There is a related question here Link, but the answer does not give any proof.
I use the following definition of the derivative:
Let $E,F$ be linear normed spaces. $f:E\to F$ is a mapping. The derivative $Df_a$ at point $a$ (if it exists) is defined to be the linear mapping $Df_a\in L(E,F)$ such that $$\forall h\in E,f(a+h)=f(a)+Df_a(h)+r_a(h) $$ where $r(h)=o(\|h\|)$.
I am NOT having problems evaluating the derivative of $\|\cdot\|_1$. I already know the answer. But how can I fit the answer rigorously into the definition above? See here for the formula of the derivative.
How can I prove the formula on Wikipedia $\partial\|x\|/\partial x=\text{sign}(x)$ satisfies the above definitions? I really don't know how to connect something very abstract (linear normed space) to some special functions $\text{sign}(x)$.

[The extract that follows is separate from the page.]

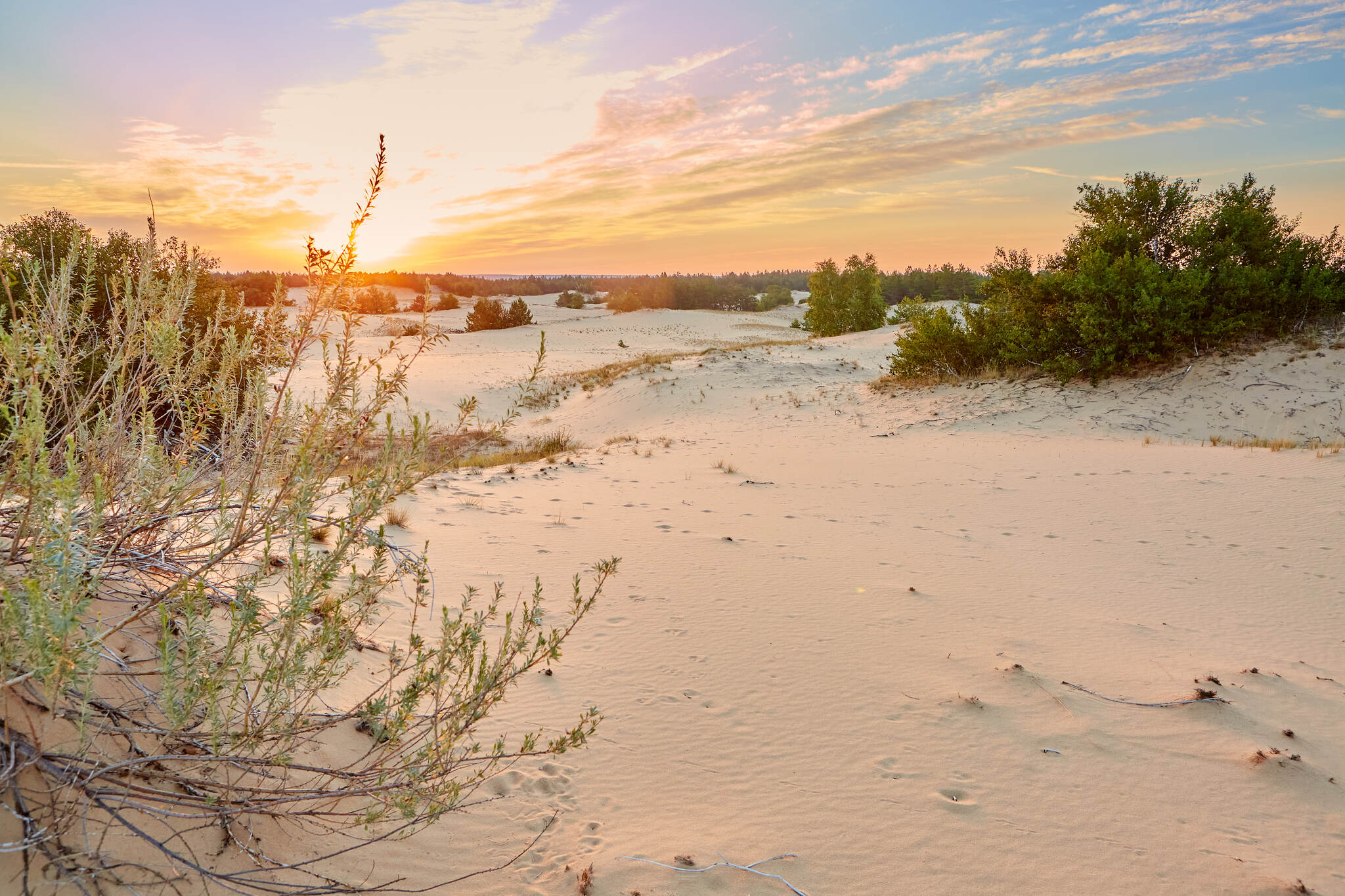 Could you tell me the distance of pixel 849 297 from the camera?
33.7 metres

For simplicity, consider the two-dimensional case. Let $x=(x_0,y_0),\ h=(h,k)$ such that $\|h\|=|h|+|k|=1.$ We want a linear transformation $D:\mathbb R^2\to \mathbb R$ such that
$\lim_{t\to 0}\frac{|x_0+th|+|y_0+tk|-|x_0|-|y_0|-D(th,tk))}{t(|h|+|k|)}=\lim_{t\to 0}\frac{|x_0+th|+|y_0+tk|-|x_0|-|y_0|-D(th,tk))}{t}=0.$
If $x_0,y_0\neq 0$ then taking $D(th,tk)=t(\text{sgn}\ x_0+\text{sgn}\ y_0)$ works becauae
$\lim_{t\to 0}\frac{|x_0+th|-|x_0|}{t}=\text{sgn}\ x_0$ and $\lim_{t\to 0}\frac{|y_0+tk|-|y_0|}{t}=\text{sgn}\ y_0.$
If either $x_0$ or $y_0$ is zero, say $x_0$, then we have
$\lim_{t\to 0}\frac{|th|+|y_0+tk|-|y_0|-D(th,tk))}{t}=0.$
If this holds, then in particular, it must hold for $k=0.$ Then, $h=1$ and then
$\lim_{t\to 0}\frac{|t|-D(0,tk))}{t}=0.$ Taking the limit from the right gives $D(0,k)=1$ and from the left $D(0,k)=-1$ so the derivative does not exist in this case.
The extension to $\mathbb R^n$ follows the same pattern: if any coordinate of a given point $x$ is zero, then the derivative does not exist. Otherwise, it is equal to the sum of the signum functions of the coordinates.